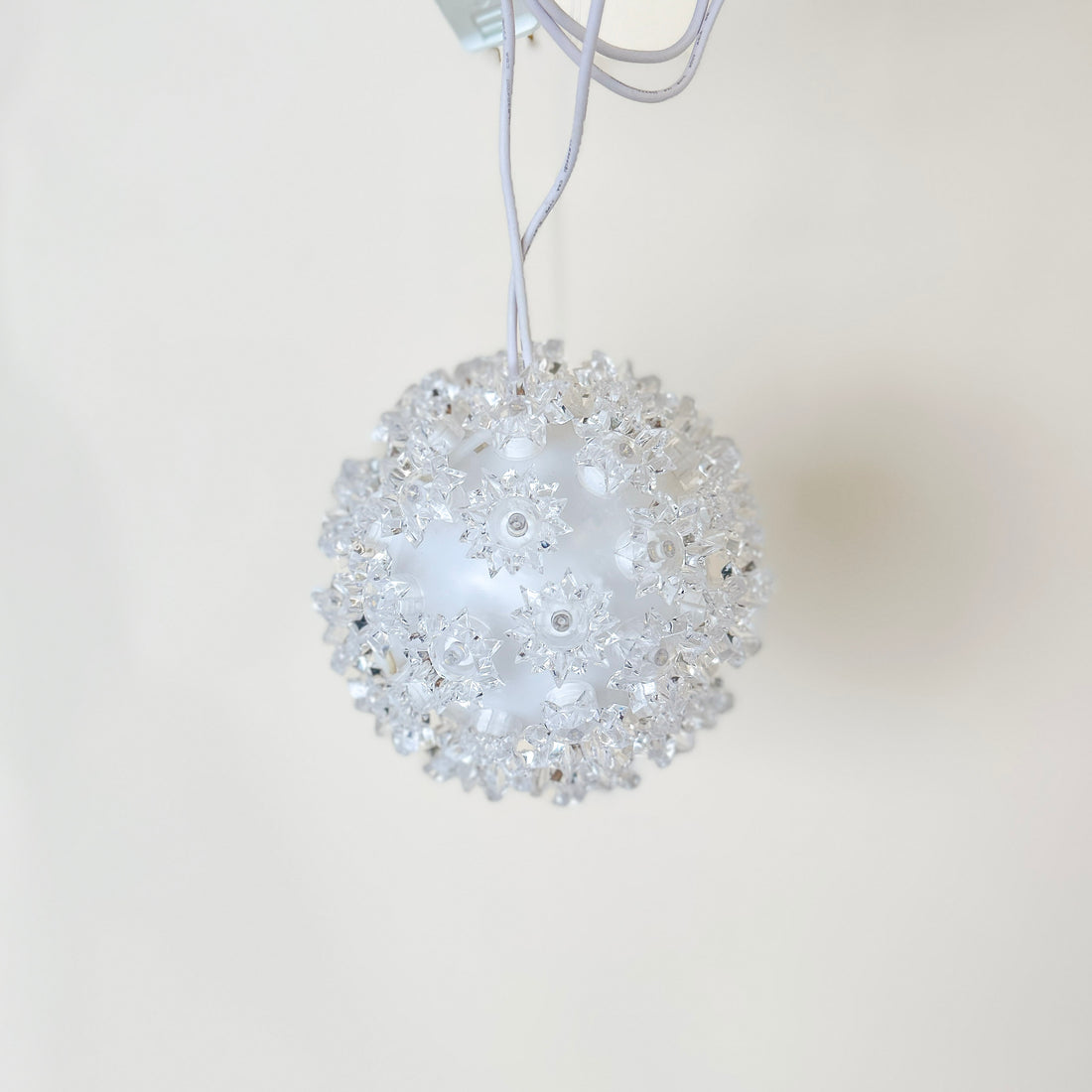 BOULE LUMINEUSE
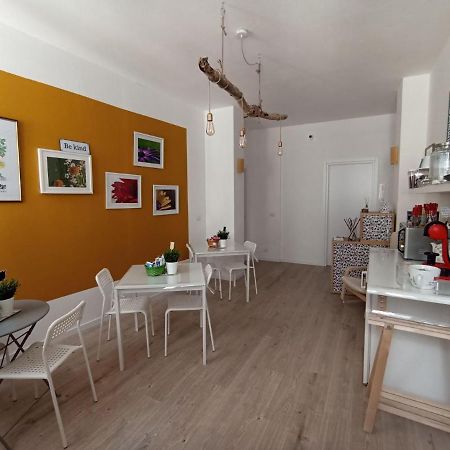 B&B Bel Fiore Анкона Экстерьер фото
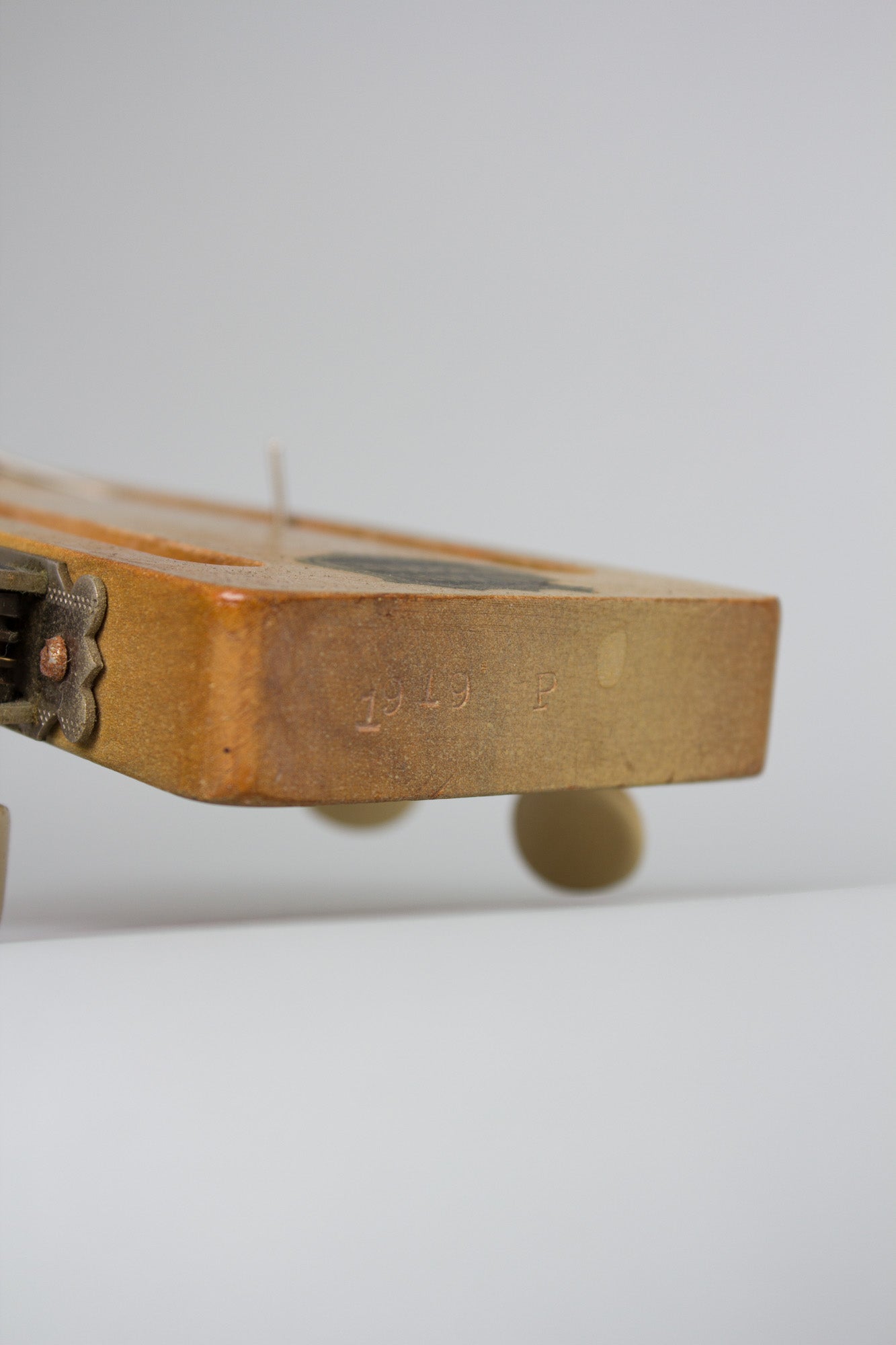 National Triolian Resophonic Guitar (1931)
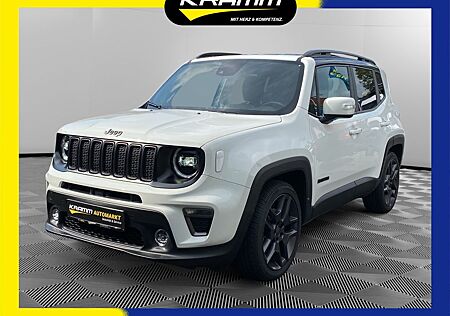 Jeep Renegade 1.3 T-GDI S FWD LED Shz. Tempom. Navi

_ _ _ _ _ _ _

* WORK TASK *
Please transcribe the listing exactly as it stands, but omit its pictures.

* SOLUTION BELOW *
 BOULE LUMINEUSE
 B&B Bel Fiore Анкона Экстерьер фото
 National Triolian Resophonic Guitar (1931)
 Jeep Renegade 1.3 T-GDI S FWD LED Shz. Tempom. Navi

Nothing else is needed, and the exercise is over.